- Action item
When you reach the line containing "Used 2020 Jeep" in the entries below, please begin setting down lines exactly, stop only after the last one, and add nothing else.

- Records provided
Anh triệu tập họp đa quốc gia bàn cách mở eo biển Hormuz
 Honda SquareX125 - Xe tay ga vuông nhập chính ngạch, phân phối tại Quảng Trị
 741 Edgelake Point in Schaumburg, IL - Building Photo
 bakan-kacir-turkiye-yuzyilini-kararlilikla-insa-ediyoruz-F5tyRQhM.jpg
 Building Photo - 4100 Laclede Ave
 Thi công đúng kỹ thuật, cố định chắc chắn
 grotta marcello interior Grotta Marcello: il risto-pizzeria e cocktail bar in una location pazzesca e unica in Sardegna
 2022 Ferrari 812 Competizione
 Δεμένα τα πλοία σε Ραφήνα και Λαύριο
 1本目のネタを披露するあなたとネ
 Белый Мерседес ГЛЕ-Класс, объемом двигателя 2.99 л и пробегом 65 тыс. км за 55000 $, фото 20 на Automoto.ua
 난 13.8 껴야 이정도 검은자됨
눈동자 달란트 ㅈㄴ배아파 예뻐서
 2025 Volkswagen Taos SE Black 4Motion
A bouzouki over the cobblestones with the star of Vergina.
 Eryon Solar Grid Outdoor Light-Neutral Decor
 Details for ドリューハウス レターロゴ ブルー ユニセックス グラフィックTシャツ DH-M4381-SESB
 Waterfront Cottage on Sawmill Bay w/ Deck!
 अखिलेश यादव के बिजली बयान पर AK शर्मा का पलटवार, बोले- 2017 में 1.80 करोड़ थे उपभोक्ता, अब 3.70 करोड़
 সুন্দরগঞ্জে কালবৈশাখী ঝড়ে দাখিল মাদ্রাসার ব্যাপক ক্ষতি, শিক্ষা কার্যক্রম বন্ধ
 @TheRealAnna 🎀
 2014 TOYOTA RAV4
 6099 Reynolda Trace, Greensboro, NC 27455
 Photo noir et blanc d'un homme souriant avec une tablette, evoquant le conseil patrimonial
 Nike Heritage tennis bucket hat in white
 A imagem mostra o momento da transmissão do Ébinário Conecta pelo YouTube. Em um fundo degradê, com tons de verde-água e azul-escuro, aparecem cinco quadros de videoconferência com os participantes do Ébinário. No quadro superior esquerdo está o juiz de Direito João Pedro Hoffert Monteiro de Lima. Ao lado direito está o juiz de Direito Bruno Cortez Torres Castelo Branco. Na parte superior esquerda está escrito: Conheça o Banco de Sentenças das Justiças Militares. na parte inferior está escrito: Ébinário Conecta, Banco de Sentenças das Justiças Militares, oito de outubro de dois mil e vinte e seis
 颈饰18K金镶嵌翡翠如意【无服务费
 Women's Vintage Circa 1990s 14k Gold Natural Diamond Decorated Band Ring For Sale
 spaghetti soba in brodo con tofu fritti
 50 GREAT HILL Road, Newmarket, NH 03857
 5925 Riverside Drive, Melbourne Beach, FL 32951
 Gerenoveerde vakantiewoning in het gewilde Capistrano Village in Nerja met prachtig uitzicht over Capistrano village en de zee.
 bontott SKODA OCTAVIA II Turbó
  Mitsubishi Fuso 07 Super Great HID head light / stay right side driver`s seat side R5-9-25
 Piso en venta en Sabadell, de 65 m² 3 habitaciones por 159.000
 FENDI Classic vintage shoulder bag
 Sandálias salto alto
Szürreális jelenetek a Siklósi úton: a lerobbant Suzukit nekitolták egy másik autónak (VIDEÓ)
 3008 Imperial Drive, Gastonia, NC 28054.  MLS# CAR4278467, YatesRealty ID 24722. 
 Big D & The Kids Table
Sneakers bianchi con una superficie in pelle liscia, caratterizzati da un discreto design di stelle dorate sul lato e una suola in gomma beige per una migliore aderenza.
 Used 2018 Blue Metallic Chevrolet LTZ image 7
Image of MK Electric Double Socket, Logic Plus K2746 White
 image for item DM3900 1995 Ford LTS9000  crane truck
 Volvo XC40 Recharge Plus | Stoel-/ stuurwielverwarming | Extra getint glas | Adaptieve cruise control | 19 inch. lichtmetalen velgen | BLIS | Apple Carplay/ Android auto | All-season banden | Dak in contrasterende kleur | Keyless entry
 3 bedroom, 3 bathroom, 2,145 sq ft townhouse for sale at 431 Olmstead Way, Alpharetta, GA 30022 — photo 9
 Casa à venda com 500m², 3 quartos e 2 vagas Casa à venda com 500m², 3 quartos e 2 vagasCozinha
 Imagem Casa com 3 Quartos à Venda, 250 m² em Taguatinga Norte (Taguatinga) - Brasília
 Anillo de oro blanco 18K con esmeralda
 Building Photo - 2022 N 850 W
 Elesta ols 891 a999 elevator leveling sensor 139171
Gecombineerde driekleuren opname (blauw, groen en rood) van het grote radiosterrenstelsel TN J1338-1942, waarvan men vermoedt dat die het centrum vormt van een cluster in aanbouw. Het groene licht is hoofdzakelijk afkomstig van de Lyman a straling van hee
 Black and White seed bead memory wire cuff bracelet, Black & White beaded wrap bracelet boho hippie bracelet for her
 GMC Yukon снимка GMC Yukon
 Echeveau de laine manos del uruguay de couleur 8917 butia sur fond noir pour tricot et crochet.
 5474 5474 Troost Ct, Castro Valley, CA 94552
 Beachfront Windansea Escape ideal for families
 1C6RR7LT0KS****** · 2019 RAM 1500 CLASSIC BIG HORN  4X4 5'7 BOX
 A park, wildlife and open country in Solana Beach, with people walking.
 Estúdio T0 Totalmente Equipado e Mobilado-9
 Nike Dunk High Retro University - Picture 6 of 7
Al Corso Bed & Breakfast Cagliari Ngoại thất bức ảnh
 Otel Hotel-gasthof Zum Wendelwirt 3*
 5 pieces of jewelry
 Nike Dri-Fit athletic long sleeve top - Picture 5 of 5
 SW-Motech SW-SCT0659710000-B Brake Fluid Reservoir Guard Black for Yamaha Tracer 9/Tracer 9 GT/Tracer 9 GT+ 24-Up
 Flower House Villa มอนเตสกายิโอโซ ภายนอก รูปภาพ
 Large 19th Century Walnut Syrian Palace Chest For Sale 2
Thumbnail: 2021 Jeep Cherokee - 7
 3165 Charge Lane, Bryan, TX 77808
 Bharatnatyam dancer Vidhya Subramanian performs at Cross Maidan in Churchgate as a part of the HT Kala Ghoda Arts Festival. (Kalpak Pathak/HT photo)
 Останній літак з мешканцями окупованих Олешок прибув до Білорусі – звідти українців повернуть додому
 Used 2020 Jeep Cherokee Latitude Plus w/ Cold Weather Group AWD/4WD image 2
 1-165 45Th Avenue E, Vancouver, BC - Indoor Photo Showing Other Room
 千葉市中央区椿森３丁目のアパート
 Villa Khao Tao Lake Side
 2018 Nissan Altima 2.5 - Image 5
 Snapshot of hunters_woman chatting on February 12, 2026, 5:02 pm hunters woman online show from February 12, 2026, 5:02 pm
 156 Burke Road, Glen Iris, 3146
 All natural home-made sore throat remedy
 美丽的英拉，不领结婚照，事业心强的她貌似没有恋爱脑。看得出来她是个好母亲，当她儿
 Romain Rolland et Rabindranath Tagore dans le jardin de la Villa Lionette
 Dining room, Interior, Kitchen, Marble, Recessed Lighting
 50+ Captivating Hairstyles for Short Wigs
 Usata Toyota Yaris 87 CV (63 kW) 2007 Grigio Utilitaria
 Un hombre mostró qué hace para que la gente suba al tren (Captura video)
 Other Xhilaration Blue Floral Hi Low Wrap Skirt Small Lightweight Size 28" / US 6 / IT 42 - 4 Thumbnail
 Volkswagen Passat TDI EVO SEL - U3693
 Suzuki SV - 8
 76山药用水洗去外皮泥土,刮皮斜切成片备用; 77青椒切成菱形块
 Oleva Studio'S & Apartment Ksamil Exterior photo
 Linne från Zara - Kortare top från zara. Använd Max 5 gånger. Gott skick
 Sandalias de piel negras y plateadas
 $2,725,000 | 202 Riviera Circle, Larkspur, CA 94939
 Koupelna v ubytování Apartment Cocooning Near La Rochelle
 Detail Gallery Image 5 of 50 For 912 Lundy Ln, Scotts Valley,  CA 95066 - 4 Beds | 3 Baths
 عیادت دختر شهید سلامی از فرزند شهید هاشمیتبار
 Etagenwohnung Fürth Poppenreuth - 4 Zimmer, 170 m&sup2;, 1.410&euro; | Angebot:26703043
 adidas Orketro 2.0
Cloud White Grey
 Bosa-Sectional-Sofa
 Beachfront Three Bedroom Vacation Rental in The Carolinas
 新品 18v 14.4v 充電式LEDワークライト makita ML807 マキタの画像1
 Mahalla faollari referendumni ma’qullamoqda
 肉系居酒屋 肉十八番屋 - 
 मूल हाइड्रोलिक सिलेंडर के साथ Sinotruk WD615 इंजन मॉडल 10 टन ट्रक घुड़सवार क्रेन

- Written answer
 Used 2020 Jeep Cherokee Latitude Plus w/ Cold Weather Group AWD/4WD image 2
 1-165 45Th Avenue E, Vancouver, BC - Indoor Photo Showing Other Room
 千葉市中央区椿森３丁目のアパート
 Villa Khao Tao Lake Side
 2018 Nissan Altima 2.5 - Image 5
 Snapshot of hunters_woman chatting on February 12, 2026, 5:02 pm hunters woman online show from February 12, 2026, 5:02 pm
 156 Burke Road, Glen Iris, 3146
 All natural home-made sore throat remedy
 美丽的英拉，不领结婚照，事业心强的她貌似没有恋爱脑。看得出来她是个好母亲，当她儿
 Romain Rolland et Rabindranath Tagore dans le jardin de la Villa Lionette
 Dining room, Interior, Kitchen, Marble, Recessed Lighting
 50+ Captivating Hairstyles for Short Wigs
 Usata Toyota Yaris 87 CV (63 kW) 2007 Grigio Utilitaria
 Un hombre mostró qué hace para que la gente suba al tren (Captura video)
 Other Xhilaration Blue Floral Hi Low Wrap Skirt Small Lightweight Size 28" / US 6 / IT 42 - 4 Thumbnail
 Volkswagen Passat TDI EVO SEL - U3693
 Suzuki SV - 8
 76山药用水洗去外皮泥土,刮皮斜切成片备用; 77青椒切成菱形块
 Oleva Studio'S & Apartment Ksamil Exterior photo
 Linne från Zara - Kortare top från zara. Använd Max 5 gånger. Gott skick
 Sandalias de piel negras y plateadas
 $2,725,000 | 202 Riviera Circle, Larkspur, CA 94939
 Koupelna v ubytování Apartment Cocooning Near La Rochelle
 Detail Gallery Image 5 of 50 For 912 Lundy Ln, Scotts Valley,  CA 95066 - 4 Beds | 3 Baths
 عیادت دختر شهید سلامی از فرزند شهید هاشمیتبار
 Etagenwohnung Fürth Poppenreuth - 4 Zimmer, 170 m&sup2;, 1.410&euro; | Angebot:26703043
 adidas Orketro 2.0
Cloud White Grey
 Bosa-Sectional-Sofa
 Beachfront Three Bedroom Vacation Rental in The Carolinas
 新品 18v 14.4v 充電式LEDワークライト makita ML807 マキタの画像1
 Mahalla faollari referendumni ma’qullamoqda
 肉系居酒屋 肉十八番屋 - 
 मूल हाइड्रोलिक सिलेंडर के साथ Sinotruk WD615 इंजन मॉडल 10 टन ट्रक घुड़सवार क्रेन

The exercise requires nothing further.